DATA EXCERPT:

- - - - -

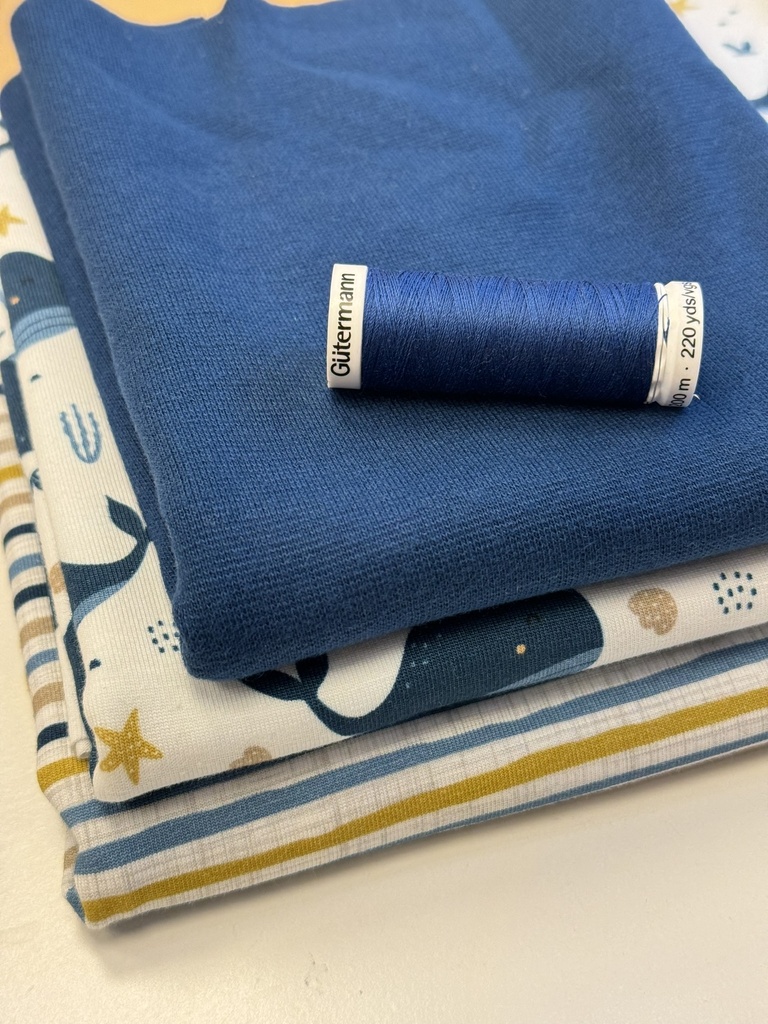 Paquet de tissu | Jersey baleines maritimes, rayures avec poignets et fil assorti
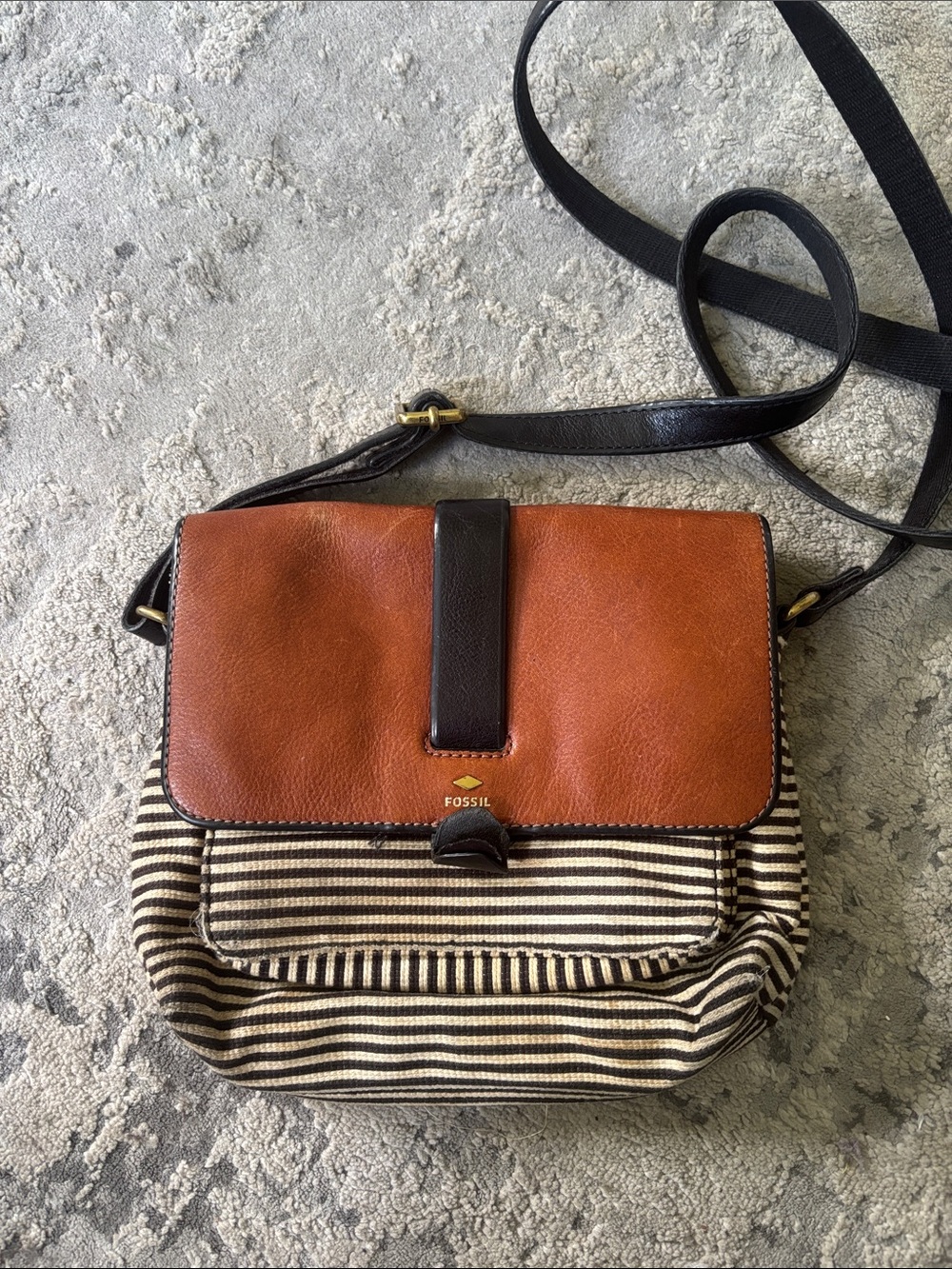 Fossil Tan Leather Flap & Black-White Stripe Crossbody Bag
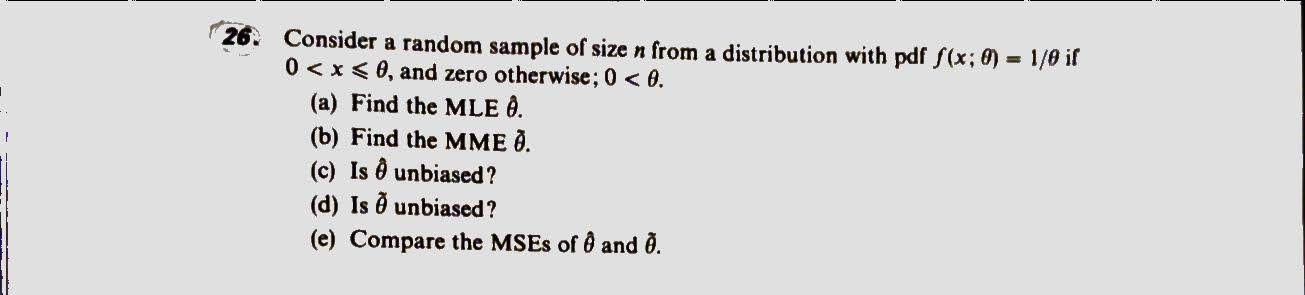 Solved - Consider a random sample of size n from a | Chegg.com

- - - - -

Word for word, repeat the lines of data above, omitting every picture.

 Paquet de tissu | Jersey baleines maritimes, rayures avec poignets et fil assorti
 Fossil Tan Leather Flap & Black-White Stripe Crossbody Bag
 Solved - Consider a random sample of size n from a | Chegg.com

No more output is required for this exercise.